Retired Staff Sergeant Clint Romesha was presented with the Medal of Honor from President Barack Obama Monday at the White House.
"These men were outnumbered, outgunned, and almost overrun," President Obama said in the ceremony for Romesha. "Looking back, one of them said, ‘I'm surprised any of us made it out,' but they are here today, and I would ask these soldiers - this band of brothers - to stand and accept the gratitude of our entire nation."
Romesha is being recognized for valor shown during fighting at Combat Outpost Keating in the Nuristan province of Afghanistan in October, 2009. Romesha and about 50 other soldiers held off more than 300 Taliban insurgents. They fought for close to ten hours, according to Master Sergeant Ronald Burton who was there that day. He described the fighting, and Romesha's valor, in an interview with News 5 shortly after the announcement of the Medal of Honor came out.

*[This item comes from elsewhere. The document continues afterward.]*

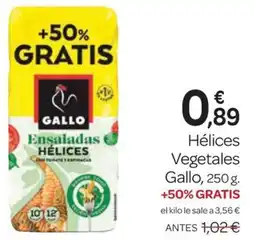 Supermercados El Jamón GALLO Hélices Vegetales oferta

"He was just all over the place," recalls Master Sergeant Burton. "He just reacted and made on the spot decisions. Just snatched up whoever he could, you know; went out and took certain parts of the camp from the enemy and then just defended them and defended everybody else that was there."
"This award is for the eight soldiers that didn't make it, and for the rest of the team that fought valiantly and magnificently that day," Romesha said following the ceremony.
Romesha is the 4th living recipient of the Medal of Honor from the generation of troops who have fought the wars in Iraq and Afghanistan; three others have been given the honor posthumously.
Those eight soldiers killed were all assigned to Fort Carson -- the 4th Brigade Combat Team, 4th Infantry Division. They're listed on the Fallen Soldiers' Memorial at the Mountain Post.
Romesha is now retired from the military and lives with his family in North Dakota.